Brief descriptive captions
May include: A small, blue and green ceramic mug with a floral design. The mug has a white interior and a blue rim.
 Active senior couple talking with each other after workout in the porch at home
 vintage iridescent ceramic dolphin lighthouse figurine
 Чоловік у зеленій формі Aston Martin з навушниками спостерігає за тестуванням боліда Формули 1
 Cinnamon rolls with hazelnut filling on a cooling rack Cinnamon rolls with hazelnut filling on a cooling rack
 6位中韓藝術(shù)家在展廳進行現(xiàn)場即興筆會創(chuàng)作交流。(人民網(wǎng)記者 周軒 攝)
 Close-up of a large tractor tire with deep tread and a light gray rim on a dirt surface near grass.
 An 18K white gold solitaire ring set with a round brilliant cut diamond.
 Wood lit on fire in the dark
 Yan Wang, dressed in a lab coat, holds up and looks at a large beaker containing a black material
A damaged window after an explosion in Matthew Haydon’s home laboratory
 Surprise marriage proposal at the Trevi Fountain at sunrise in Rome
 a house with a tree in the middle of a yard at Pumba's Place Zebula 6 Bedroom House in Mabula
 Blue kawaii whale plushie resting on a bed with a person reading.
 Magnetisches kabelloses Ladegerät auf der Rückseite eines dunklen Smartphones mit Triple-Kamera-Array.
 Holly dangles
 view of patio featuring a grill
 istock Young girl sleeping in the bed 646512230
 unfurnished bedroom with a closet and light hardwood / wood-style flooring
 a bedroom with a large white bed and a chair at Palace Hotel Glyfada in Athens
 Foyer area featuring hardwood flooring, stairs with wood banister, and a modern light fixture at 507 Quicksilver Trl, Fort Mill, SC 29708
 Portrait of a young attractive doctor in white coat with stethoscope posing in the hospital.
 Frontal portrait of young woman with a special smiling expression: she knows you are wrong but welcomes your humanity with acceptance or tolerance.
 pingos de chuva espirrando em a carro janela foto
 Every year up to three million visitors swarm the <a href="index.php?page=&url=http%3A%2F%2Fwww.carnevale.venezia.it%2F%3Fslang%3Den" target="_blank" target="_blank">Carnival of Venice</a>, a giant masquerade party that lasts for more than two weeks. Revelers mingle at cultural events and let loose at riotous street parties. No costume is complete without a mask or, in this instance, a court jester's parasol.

= WHAT THE TASK ASKS =
Check each line of the data for "ceramic". Copy the lines where it turns up.

= YOUR RESPONSE =
May include: A small, blue and green ceramic mug with a floral design. The mug has a white interior and a blue rim.
 vintage iridescent ceramic dolphin lighthouse figurine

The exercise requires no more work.